Open MPI logo

Open MPI User's Mailing List Archives

  |   Home   |   Support   |   FAQ   |   all Open MPI User's mailing list

From: Jeff Squyres (jsquyres_at_[hidden])
Date: 2007-01-19 14:35:02


I think the SLURM code in Open MPI is making an assumption that is
failing in your case: we assume that your nodes will have a specific
naming convention:

mycluster.example.com --> head node
mycluster01.example.com --> cluster node 1
mycluster02.example.com --> cluster node 2
...etc.

OMPI is therefore parsing the SLURM environment and not correctly
groking the "master,wolf1" string because, to be honest, I didn't
even know that SLURM supported that scenario. I.e., I thought SLURM
required the naming convention I listed above.
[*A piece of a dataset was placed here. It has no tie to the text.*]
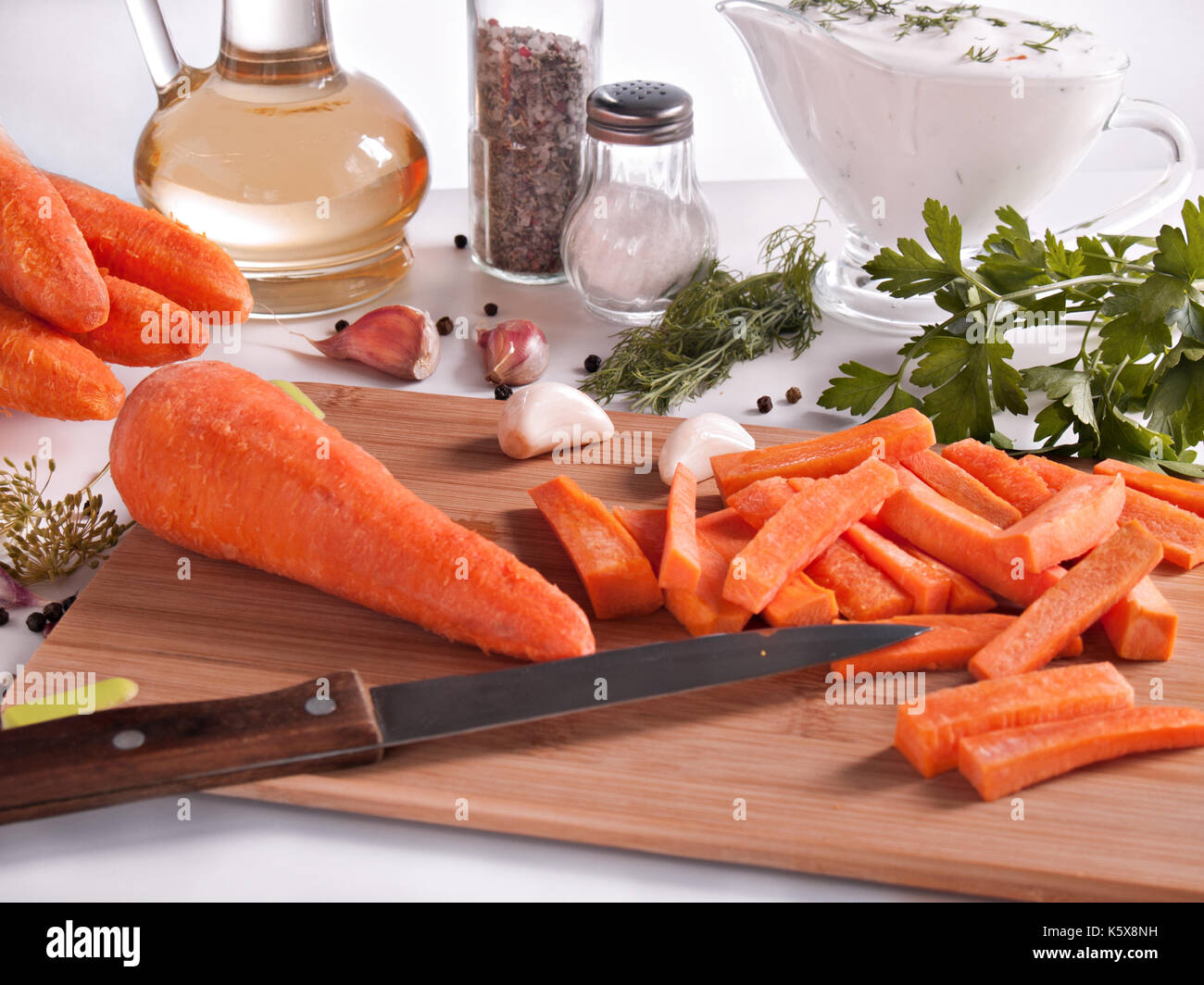 Carrots chopped on chopsticks surrounded by greenery, parsley, dill, garlic, pepper, vegetable oil in a bottle with a stopper, pepper and salt in jars Stock Photo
In hindsight, that's
a pretty silly assumption, but to be fair, you're the first user that
ever came to us with this problem (i.e., we use pretty much the same
string parsing in LAM/MPI, which has had SLURM support for several
years). Oops!

We can fix this, but I don't know if it'll make the v1.2 cutoff or
not. :-\

Thanks for bringing this to our attention!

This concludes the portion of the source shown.